Today's feature paper talks about the association of traditional
cardiovascular risk factors with venous thromboembolism. And it
is the first individual level meta-analysis of prospective
studies. I am so delighted to have the first and corresponding
author here with us, Dr. Bhaktawar Khan Mahmoodie from San
Antonio's Hospital in the Netherlands. Hi Khan, thanks for being
here.
Dr. Bhaktawar Khan
Mahmoodie:
Thank you for inviting me. Thanks a lot.
Dr. Carolyn
Lam:
And I am particularly delighted to have associate editor, Dr.
Josh Beckman from Vanderbilt University joining us today as well.
Welcome Josh.
Dr. Josh
Beckman:
Caroline, it is such a pleasure to be here with you. I've been
listening to these podcasts and they have been incredible. I've
been waiting to be able to jump in and today's paper is an
awesome place to start.
Dr. Carolyn
Lam:
It certainly is. Congratulations on managing such an important
paper. Khan, maybe I could start with you. Venous thromboembolism
versus arterial thromboembolism. We're very familiar with the
latter. We know it comprises coronary heart disease, stroke,
peripheral artery disease. We're very familiar with the risk
factors such as hypertension, hyperlipidemia, diabetes, smoking.
But here you're asking, are these same risk factors applicable in
venous thromboembolism. That would include deep venous
thrombosis, pulmonary embolism, where we traditionally classify
it into provoked events that is triggered by things we know well
like immobilization, surgery and so on. And then there are the
unprovoked events that don't have any risk factors. So could you,
first of all, point out ... you were looking at venous
thromboembolism. What was your hypothesis with regards to the
traditional cardiovascular risk factors?
Dr. Bhaktawar Khan
Mahmoodie:
Many researchers in the last 10, 15 years, they go questions
whether there is connection between venous and arterial
thromboembolism. Since then, several studies published on that
with controversial results.
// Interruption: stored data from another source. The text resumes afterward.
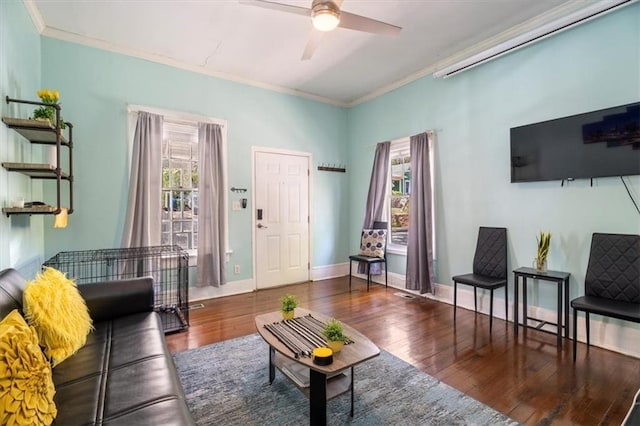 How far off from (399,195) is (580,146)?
2364 millimetres

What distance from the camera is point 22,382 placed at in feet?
3.46

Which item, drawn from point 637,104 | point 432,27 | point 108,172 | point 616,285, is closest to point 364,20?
point 432,27

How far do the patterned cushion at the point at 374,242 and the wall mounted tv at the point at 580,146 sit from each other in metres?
2.01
So our hypothesis for this paper was
to see whether there is real associations or are we looking at
some kind of associations due to confounding factors such as age
and overweight which are risk factors for both.
Dr. Carolyn
Lam:
Yeah. And yours is actually the first individual level
meta-analyses of prospective studies dealing with this. Tell us
what you found in ... Were you surprised by your findings?
Dr. Bhaktawar Khan
Mahmoodie:
What we found that actually traditional, modifiable,
cardiovascular risk factors like hypertension, diabetes and
hyperlipidemia were not risk factors for venous thromboembolism.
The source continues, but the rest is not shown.